Crawled caption data
^^^^

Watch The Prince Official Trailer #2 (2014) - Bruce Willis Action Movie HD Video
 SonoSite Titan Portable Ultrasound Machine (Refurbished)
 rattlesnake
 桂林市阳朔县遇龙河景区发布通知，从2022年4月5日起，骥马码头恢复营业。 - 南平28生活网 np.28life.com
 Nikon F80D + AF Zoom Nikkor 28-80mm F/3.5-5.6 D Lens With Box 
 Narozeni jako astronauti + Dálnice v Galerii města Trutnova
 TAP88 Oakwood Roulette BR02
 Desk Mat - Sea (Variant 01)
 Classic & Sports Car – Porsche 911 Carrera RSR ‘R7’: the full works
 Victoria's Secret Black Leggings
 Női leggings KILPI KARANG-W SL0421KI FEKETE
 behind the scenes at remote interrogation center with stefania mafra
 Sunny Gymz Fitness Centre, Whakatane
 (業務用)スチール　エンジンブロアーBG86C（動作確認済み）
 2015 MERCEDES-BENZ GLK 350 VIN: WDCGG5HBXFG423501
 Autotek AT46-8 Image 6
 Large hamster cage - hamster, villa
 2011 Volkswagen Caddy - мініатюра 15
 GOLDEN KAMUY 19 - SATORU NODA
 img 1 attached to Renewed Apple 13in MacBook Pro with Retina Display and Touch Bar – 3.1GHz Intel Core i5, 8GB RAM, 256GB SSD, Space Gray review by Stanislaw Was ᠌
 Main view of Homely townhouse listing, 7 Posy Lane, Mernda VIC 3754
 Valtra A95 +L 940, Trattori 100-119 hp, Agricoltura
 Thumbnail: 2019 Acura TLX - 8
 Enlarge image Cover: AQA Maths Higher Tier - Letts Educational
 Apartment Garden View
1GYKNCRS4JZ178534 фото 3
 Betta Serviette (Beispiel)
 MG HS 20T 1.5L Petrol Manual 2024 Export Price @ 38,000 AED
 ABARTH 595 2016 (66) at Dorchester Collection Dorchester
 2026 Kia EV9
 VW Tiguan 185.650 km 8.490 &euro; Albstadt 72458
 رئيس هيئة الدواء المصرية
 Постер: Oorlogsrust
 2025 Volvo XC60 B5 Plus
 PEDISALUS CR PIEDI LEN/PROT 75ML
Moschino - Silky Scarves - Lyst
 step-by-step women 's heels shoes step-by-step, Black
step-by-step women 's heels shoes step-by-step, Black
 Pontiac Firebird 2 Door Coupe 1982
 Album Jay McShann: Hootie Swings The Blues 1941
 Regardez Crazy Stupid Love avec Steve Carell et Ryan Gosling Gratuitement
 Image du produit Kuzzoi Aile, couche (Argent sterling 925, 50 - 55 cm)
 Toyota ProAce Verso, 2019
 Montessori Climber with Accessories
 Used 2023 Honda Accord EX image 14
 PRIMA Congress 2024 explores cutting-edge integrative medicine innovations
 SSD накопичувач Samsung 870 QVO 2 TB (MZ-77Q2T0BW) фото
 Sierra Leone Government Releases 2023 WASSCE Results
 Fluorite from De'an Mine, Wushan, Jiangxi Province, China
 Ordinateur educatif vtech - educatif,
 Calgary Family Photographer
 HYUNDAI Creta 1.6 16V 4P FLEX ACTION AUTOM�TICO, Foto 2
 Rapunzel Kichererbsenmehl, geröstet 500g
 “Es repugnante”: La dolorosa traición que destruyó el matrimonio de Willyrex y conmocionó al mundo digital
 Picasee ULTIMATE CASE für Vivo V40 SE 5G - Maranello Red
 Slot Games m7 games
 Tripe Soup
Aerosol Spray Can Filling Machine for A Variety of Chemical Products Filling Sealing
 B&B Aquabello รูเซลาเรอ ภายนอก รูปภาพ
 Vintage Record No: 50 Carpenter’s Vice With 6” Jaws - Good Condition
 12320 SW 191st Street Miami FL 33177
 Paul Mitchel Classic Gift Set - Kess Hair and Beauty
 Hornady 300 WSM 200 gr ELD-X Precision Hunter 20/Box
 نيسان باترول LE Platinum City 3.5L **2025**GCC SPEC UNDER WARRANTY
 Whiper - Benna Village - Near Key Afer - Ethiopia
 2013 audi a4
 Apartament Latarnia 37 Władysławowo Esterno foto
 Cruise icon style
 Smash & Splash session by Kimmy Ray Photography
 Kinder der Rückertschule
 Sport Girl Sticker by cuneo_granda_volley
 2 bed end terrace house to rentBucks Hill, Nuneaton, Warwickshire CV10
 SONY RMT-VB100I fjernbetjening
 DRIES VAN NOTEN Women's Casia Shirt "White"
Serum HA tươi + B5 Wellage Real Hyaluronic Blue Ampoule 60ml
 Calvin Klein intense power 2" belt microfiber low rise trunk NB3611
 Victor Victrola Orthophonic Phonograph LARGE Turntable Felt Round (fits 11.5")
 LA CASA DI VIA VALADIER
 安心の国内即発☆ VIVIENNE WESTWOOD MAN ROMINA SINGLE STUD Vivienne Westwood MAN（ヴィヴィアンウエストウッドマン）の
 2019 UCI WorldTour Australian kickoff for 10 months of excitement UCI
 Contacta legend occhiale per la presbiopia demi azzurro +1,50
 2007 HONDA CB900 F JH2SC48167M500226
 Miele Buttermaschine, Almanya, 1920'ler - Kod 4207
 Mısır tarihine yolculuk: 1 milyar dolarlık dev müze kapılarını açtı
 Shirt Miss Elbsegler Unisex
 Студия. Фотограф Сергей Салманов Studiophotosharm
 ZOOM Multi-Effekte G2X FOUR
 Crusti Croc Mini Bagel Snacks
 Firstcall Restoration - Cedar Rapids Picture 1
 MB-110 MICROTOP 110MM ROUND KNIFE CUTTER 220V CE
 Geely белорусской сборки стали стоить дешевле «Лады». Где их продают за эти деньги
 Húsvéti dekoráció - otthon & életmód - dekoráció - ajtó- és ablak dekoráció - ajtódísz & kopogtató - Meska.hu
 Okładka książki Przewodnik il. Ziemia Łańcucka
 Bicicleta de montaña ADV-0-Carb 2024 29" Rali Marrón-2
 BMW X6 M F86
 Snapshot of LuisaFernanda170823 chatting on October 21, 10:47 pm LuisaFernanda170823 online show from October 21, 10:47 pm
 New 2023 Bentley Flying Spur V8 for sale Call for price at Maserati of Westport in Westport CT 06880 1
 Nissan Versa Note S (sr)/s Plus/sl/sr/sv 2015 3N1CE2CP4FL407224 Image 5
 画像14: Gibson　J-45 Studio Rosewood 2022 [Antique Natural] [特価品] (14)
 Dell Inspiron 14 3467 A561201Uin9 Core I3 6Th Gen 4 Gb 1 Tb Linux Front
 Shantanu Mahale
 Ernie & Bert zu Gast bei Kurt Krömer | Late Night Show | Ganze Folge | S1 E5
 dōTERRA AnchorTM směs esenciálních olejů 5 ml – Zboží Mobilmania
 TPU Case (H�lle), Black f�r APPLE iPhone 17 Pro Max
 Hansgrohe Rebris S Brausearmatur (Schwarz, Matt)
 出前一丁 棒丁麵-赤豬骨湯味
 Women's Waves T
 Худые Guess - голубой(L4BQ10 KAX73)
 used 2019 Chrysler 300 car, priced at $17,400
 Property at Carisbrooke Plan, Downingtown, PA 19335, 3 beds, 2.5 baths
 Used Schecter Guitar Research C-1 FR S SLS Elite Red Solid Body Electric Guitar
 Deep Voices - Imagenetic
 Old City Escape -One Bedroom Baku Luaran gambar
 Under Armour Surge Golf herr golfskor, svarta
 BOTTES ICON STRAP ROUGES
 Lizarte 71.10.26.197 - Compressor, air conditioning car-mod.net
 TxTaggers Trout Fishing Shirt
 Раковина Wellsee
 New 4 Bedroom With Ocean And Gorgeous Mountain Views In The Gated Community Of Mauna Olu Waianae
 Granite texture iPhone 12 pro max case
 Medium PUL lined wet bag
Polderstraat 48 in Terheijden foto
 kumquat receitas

^^^^

WHAT IS NEEDED: The answer is the line with "Dell Inspiron 14" plus every line after it, printed exactly as they appear above.

ANSWER TO THIS PROBLEM:
 Dell Inspiron 14 3467 A561201Uin9 Core I3 6Th Gen 4 Gb 1 Tb Linux Front
 Shantanu Mahale
 Ernie & Bert zu Gast bei Kurt Krömer | Late Night Show | Ganze Folge | S1 E5
 dōTERRA AnchorTM směs esenciálních olejů 5 ml – Zboží Mobilmania
 TPU Case (H�lle), Black f�r APPLE iPhone 17 Pro Max
 Hansgrohe Rebris S Brausearmatur (Schwarz, Matt)
 出前一丁 棒丁麵-赤豬骨湯味
 Women's Waves T
 Худые Guess - голубой(L4BQ10 KAX73)
 used 2019 Chrysler 300 car, priced at $17,400
 Property at Carisbrooke Plan, Downingtown, PA 19335, 3 beds, 2.5 baths
 Used Schecter Guitar Research C-1 FR S SLS Elite Red Solid Body Electric Guitar
 Deep Voices - Imagenetic
 Old City Escape -One Bedroom Baku Luaran gambar
 Under Armour Surge Golf herr golfskor, svarta
 BOTTES ICON STRAP ROUGES
 Lizarte 71.10.26.197 - Compressor, air conditioning car-mod.net
 TxTaggers Trout Fishing Shirt
 Раковина Wellsee
 New 4 Bedroom With Ocean And Gorgeous Mountain Views In The Gated Community Of Mauna Olu Waianae
 Granite texture iPhone 12 pro max case
 Medium PUL lined wet bag
Polderstraat 48 in Terheijden foto
 kumquat receitas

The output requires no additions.